I´m new on this. I need to find a condition that relates two real numbers $a$ and $b$ such that $$\left(\frac{1+iz}{1-iz}\right)^n = a+ib$$

has only real solutions

This is what I got till now.

$$\left(\frac{1+i(a+ib)}{1-i(a+ib)}\right)^n = a+ib$$ $$\left(\frac{(1-b)+ia}{(1+b)-ia}\right)^n = a+ib$$

$$\frac{(1-b)+ia}{(1+b)-ia}.\frac{(1+b)+ia}{(1+b)+ia} = \frac{1-b^2+2ia-a^2}{1+2b+b^2+a^2}$$

then

$$\left(\frac{1-b^2-a^2}{1+2b+b^2+a^2}+\frac{2ia}{1+2b+b^2+a^2}\right)^n = a+ib$$ where $$a=0 \text{; & } 1+2b+b^2\neq0$$

Answer 1

Note that $$ |1-iz|^2 - |1+iz|^2 = -2i(z -\bar z) = 4 \operatorname{Im}(z) $$ so that $$ z \in \Bbb R \iff \left | \frac{1+iz}{1-iz}\right|= 1 \, . $$ It follows that $$ \left(\frac{1+iz}{1-iz}\right)^n = a+ib $$ has only real solutions $z$ if and only if $|a+ib|=1$, i.e. if $a^2+b^2=1$.

Answer 2

that is an awesome answer given by Martin R. alternatively, let $$ a+ib = \sqrt{a^2+b^2} e^{i \theta} $$ $c$ be the real solution for satisfied $a,b$. One would obtain $$ \label{eq} \sqrt[n]{a^2+b^2} e^{ \frac{i (\theta + 2k\pi )}{n} } = \frac{1-c^2 +i 2c}{1+c^2} \tag1 $$ note that $$ ( \frac{1-c^2 }{1+c^2} ) ^2 + ( \frac{2c}{1+c^2} ) ^2 = 1 $$ which means $\sqrt[n]{a^2+b^2} =1$ equivalently $$a^2+b^2 =1 $$ And for each $e^{ \frac{i (\theta + 2k\pi )}{n} } $ there exists only one $c \in \mathbb{R}$ satisfy $\eqref{eq}$

Answer 3

Set $$ w=\frac{1+iz}{1-iz} $$ so you can solve for $z$, getting $$ z=i\frac{1-w}{1+w} $$ This is real if and only if $$ i\frac{1-w}{1+w}=-i\frac{1-\bar{w}}{1+\bar{w}} $$ that becomes $$ 1+\bar{w}-w-w\bar{w}=-1+\bar{w}-w+w\bar{w} $$ that is, $w\bar{w}=1$.
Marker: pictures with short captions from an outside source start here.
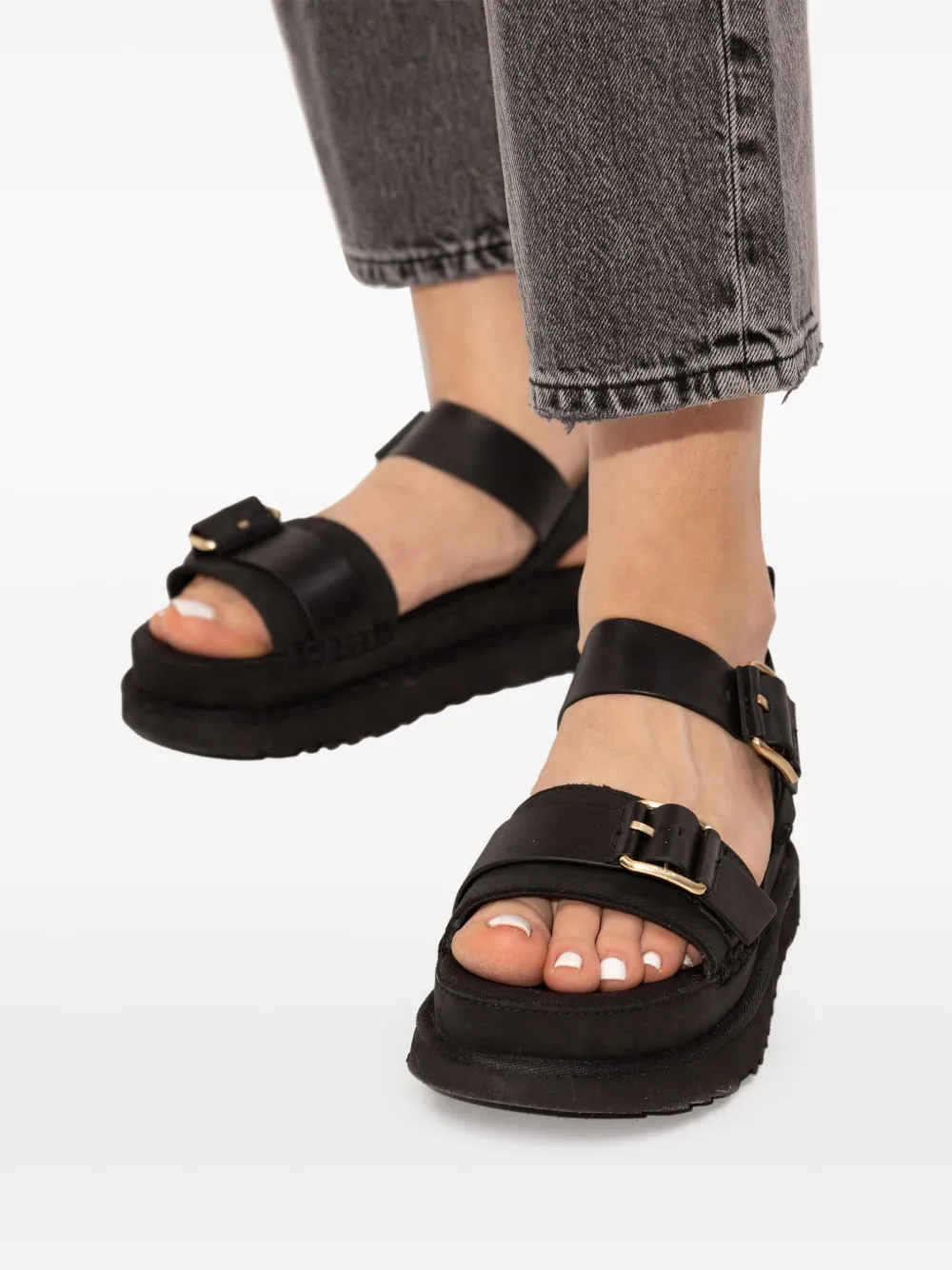 UGG Goldenstar Villa サンダル | ブラック | FARFETCH JP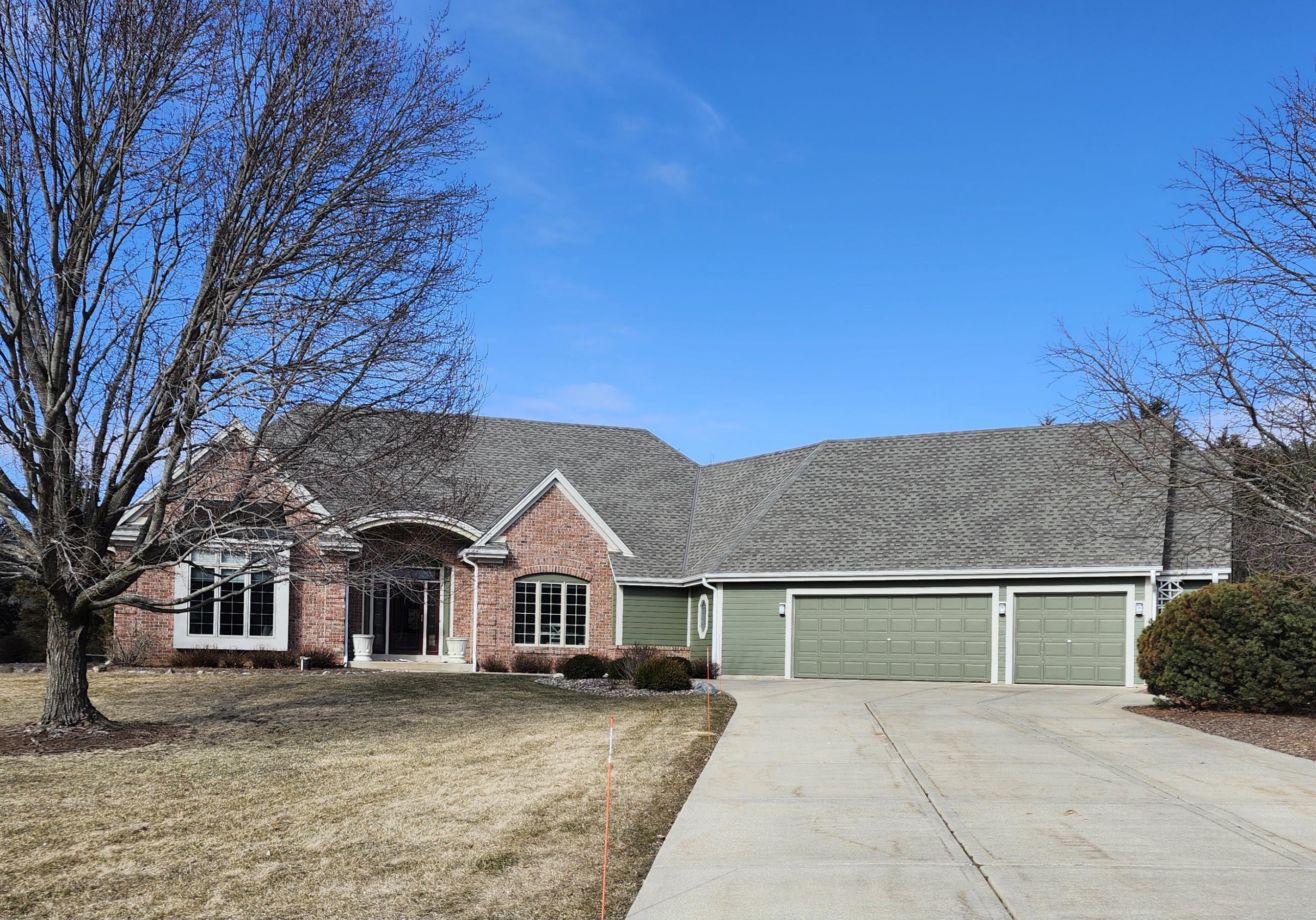 House exterior before AI paint visualization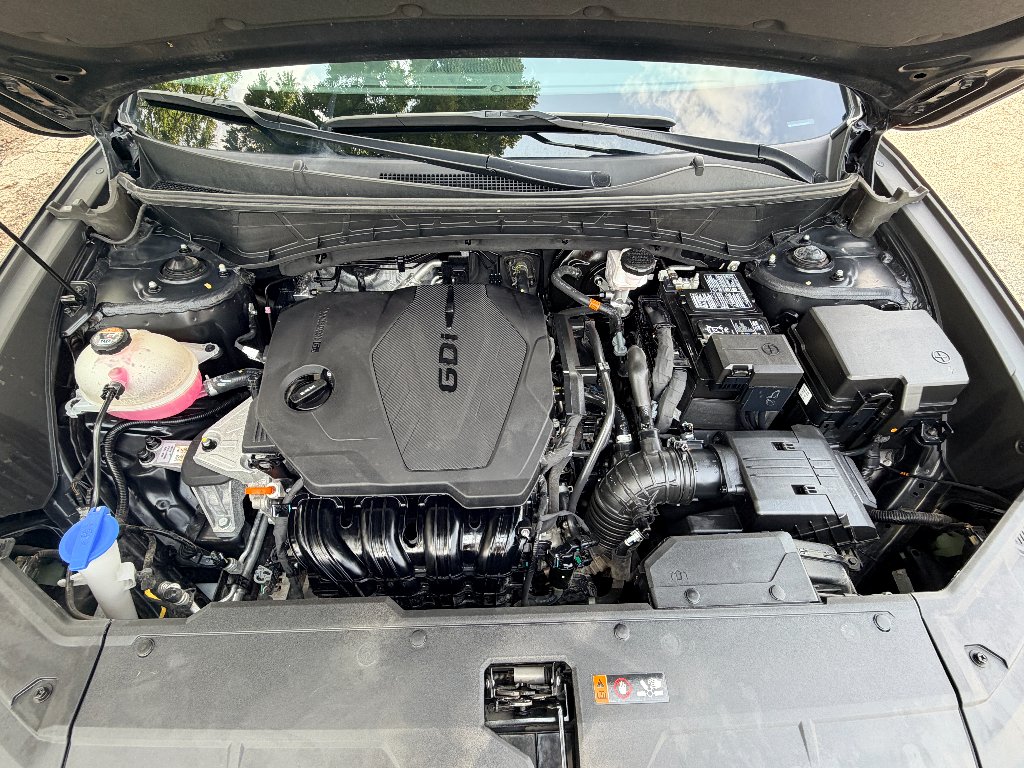 Used 2024 Black Pearl Hyundai SEL image 28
Therefore $|a+bi|=1$ is a necessary condition. Now if we write $a+bi$, the equation becomes $$ \frac{1+iz}{1-iz}=u $$ where $u$ is any $n$-th root of $a+bi$ and $|u|=1$. By the same argument as before, the solution is real.